Segment Start: Source material
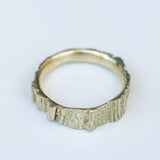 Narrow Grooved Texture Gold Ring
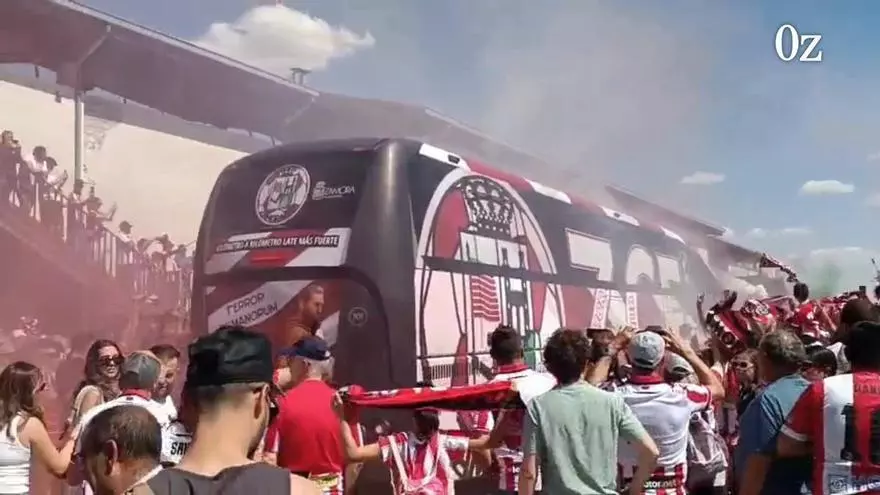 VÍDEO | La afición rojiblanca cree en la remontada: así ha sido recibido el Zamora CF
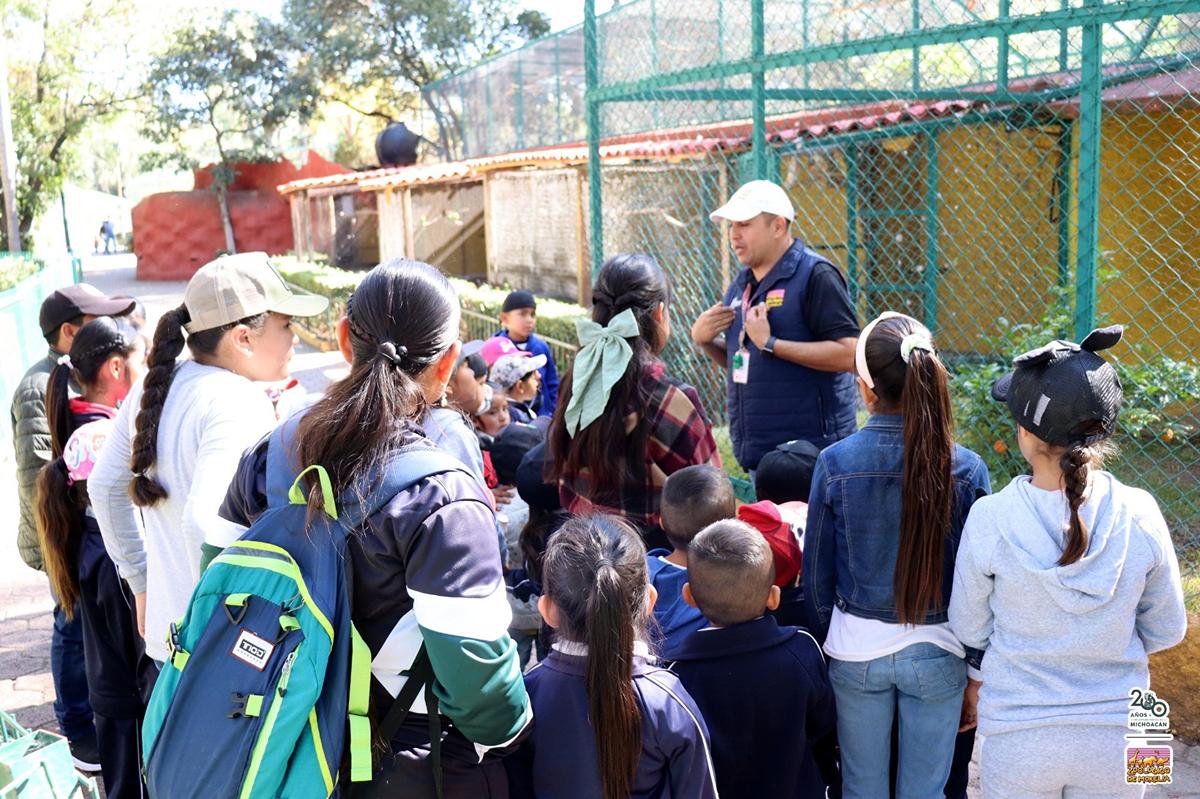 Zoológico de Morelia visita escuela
Segment End: Source material
> _Task brief_: Your job is to repeat the data exactly, leaving each picture out.

> _Reply_:
 Narrow Grooved Texture Gold Ring
 VÍDEO | La afición rojiblanca cree en la remontada: así ha sido recibido el Zamora CF
 Zoológico de Morelia visita escuela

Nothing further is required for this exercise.